Entering the second gallery, Rosen cleverly spreads out seven much larger and dramatic works. This lofty space becomes a platform for Ruby’s striking sculptures which dominate the floor and tremendous copper pieces by Fontana juxtaposed with Ruby’s collages. Rosen introduces one of Sterling Ruby’s ceramic basins, which take various remains of ceramics and are re-fired to form one cohesive work. “Excavator Dig Site” (2010) seems to be most entrancing as a bold centerpiece, featuring fragments and objects coated in bronze on a stainless steel pedestal. Through the work, Ruby explores and exaggerates the raw and rough disciplines of how Fontana handles bronze and ceramic.
Andrea Rosen concludes the show with a third gallery exclusively displaying the sculptures of both Fontana and Ruby.
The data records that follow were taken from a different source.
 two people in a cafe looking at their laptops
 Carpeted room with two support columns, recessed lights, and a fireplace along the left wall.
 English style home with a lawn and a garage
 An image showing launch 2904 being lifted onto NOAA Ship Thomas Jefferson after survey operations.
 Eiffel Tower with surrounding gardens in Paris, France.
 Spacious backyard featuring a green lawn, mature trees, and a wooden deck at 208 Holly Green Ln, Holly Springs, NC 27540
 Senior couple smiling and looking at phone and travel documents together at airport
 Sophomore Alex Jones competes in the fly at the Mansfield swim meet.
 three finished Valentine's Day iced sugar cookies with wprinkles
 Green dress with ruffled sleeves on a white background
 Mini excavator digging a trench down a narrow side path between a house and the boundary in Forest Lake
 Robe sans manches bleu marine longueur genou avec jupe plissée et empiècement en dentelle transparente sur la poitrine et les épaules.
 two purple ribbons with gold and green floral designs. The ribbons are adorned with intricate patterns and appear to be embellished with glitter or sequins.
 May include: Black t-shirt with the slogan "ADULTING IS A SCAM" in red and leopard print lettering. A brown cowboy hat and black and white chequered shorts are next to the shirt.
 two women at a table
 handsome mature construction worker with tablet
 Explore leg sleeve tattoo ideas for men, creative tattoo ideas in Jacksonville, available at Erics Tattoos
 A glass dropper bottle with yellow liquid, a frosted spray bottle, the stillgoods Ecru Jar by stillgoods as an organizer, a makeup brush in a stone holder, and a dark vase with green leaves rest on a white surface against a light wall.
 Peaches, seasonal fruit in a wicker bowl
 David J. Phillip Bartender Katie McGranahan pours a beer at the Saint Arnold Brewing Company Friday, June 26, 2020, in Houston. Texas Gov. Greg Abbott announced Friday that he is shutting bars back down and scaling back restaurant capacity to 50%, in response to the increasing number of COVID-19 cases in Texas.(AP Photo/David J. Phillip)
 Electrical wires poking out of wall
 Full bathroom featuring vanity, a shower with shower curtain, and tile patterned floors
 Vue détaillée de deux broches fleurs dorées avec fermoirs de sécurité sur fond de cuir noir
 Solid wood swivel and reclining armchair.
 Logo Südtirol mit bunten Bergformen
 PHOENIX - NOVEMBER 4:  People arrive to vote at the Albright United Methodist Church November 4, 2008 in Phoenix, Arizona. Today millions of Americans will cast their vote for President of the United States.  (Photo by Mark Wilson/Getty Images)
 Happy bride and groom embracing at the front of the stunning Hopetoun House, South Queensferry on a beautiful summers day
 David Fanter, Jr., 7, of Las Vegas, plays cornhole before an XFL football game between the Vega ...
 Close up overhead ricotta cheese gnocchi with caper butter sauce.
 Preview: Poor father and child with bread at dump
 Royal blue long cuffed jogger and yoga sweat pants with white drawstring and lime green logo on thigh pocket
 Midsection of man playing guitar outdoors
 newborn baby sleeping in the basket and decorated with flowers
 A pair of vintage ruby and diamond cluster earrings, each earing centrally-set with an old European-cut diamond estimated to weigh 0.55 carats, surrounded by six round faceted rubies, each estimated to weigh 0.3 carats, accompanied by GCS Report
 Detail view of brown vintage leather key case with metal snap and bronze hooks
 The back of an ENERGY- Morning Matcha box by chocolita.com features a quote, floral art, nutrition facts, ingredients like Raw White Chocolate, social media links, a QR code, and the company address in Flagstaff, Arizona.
This space is smaller, and as it may be inappropriate to include another work as massive and intrusive as “Excavator Dig Site,” Rosen makes use of this space by only showing ceramic works by the two artists. Through this final analysis, the contextualization of Ruby with Fontana becomes much more understandable, featuring ceramic works by Fontana similar to the first space and Ruby’s ceramic basin in the second space.
Rosen creates new relationships between these two artists and, “The purpose of the show,” she says, “is to allow people to expand their perceptions, and I feel really that the show does that, and I think people are able to expand their vision through their enthusiasm around the work.”
Sterling Ruby was born in Bitburg, Germany in 1972. He holds a BFA from The Art Institute of Chicago and an MFA from the Art Center College of Design, Pasadena CA and currently works in Los Angeles, California. He has had solo shows at the Museum of Contemporary Art, Los Angeles and is recently featured in the group show, The Shape of Things to Come, currently at the Saatchi Gallery.
Lucio Fontana was born in Rosario Santa Fe, Argentina in 1899. Fontana studied at Academia di Brera and is known for his involvement with Spatialism and Arte Povera. He was awarded the Grand Prize for Painting at the Venice Biennale of 1966. His work has been shown extensively and has had recent solo shows at the Galleria Nazionale d’Arte Moderna (GNAM), Rome in 2008 and the Estorick Collection of Modern Italian Art, London in 2007. Fontana died in 1968 at age 69 and his legacy continues with La Fondazione Lucio Fontana, based in Milan.